I think (or at least I hope) that we can all agree that what class a child is born into is not the child's responsibility but is rather the result of luck. A fetus does not have the ability to schedule prenatal care, a newborn cannot breastfeed itself, and a kindergartner can't pick which school district to live in. Most importantly, leaving all ideas of religion or destiny out of it (because this is social science, not Sunday school) children don't get to pick their parents. Their lot in life is entirely a matter of chance.

There is a point when an individual needs to take responsibility for their own lot in life as an adult, but we generally thrust that responsibility onto to people just when the slope gets steepest (college) after having done little to nothing to give the majority the tools to change their lot. There are a number of changes we could make to even the playing field. We could start with universal healthcare, paid maternity leave so all mothers could breastfeed their children for the recommended period, increased daycare standards and subsidies, making public universities free, providing more tutoring assitance in primary education, etc. But instead we give more tax breaks and increase military spending.

Actually, the tax breaks and military spending make sense if the idea is to keep the playing filed uneven. It gives more money to those who don't need help and it creates an option for those at the bottom that those at the top never take- joining the military for college money.


DeeK said...

great job on the chart. I would add mental health issues since mental health is difficult to manage, the steeper the climb gets

The Red Queen said...

I agree that mental health issues are a huge part of it, but the chart is specific to small children. I could point out that most drug and alcohol addictions stem from self-medicating for mental health issues and that it is less of a problem for people with adequate insurance and access to a good doctor and drugs.

Wonder said...

Mental Health is a whole 'nother SET of charts... where do you want to begin...?

however, issues such as anxiety, ADD, depression, do often manifest early in childhood, with major impact on their "educational opportunities"

DeeK said...

That's what I get for being vague. I should have more specifically commented on the mental health of the parents and supporting structure raising the children. Their mental health, which will leave fundamental impressions throughout life, under all the other pressures you detail, will be tenuous at best and largely undiagnosed. I think this is a hidden element that gets passed on generation after generation.
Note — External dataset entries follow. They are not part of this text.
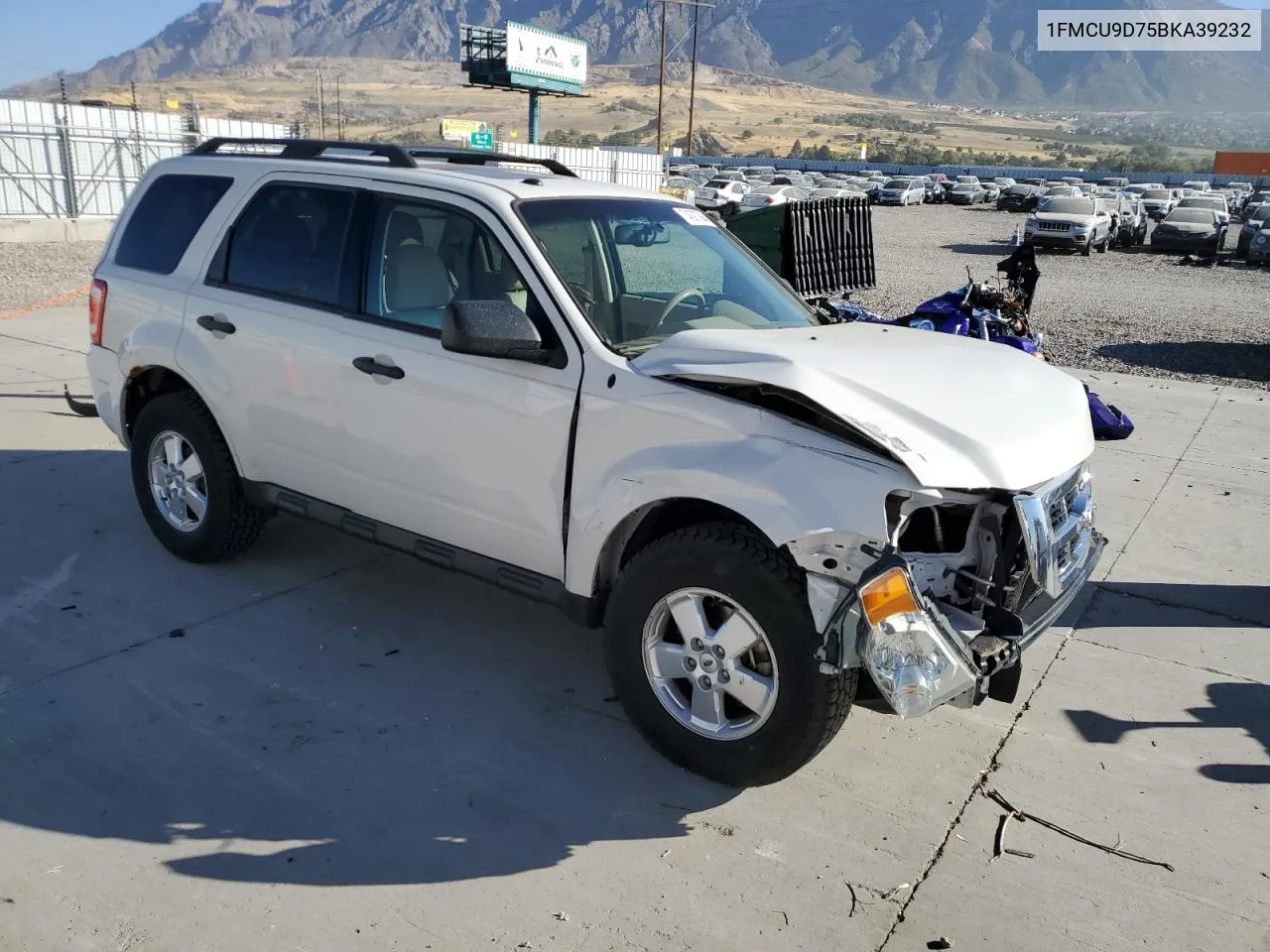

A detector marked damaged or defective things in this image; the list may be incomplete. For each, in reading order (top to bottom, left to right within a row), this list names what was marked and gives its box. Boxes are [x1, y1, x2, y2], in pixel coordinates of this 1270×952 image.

crumpled hood [629, 327, 1096, 492]
damaged front end [792, 467, 1102, 721]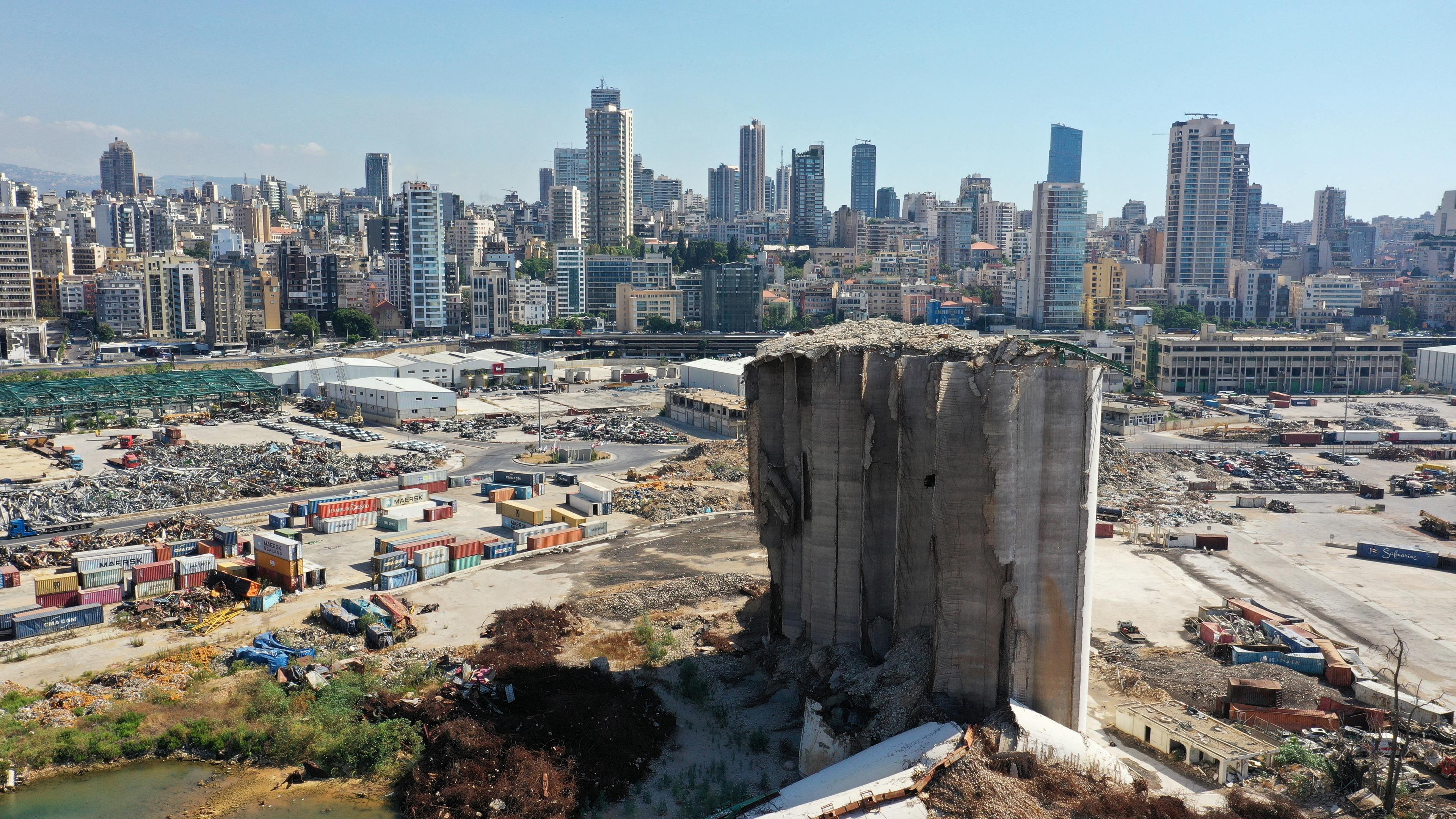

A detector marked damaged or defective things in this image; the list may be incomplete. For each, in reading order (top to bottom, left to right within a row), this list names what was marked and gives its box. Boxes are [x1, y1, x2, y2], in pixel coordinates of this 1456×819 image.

damaged concrete column [751, 319, 1101, 726]
cracked concrete wall [751, 319, 1101, 726]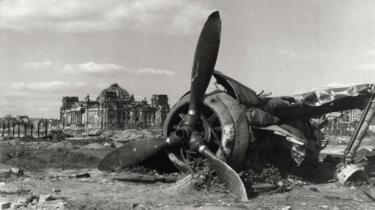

Ironically, in American culture at least, this lack of attention to mental health also get passed on at all income levels. GW is good example. The difference is that among the privledged classes, once problems are diagnosed, the resources for recovery are more readily available

The Red Queen said...

Wonder actually has a really good point. Poor kids with ADHD or depression (or in my kid's case, a neurological disorder that interferes with motor skills) are more likely to be looked at by teachers as behaving badly or being lazy than having an undiagnosed medical condition. rich kids will have teachers who are better informed and catch that problem sooner.

It should have made it onto the chart- but there's no room.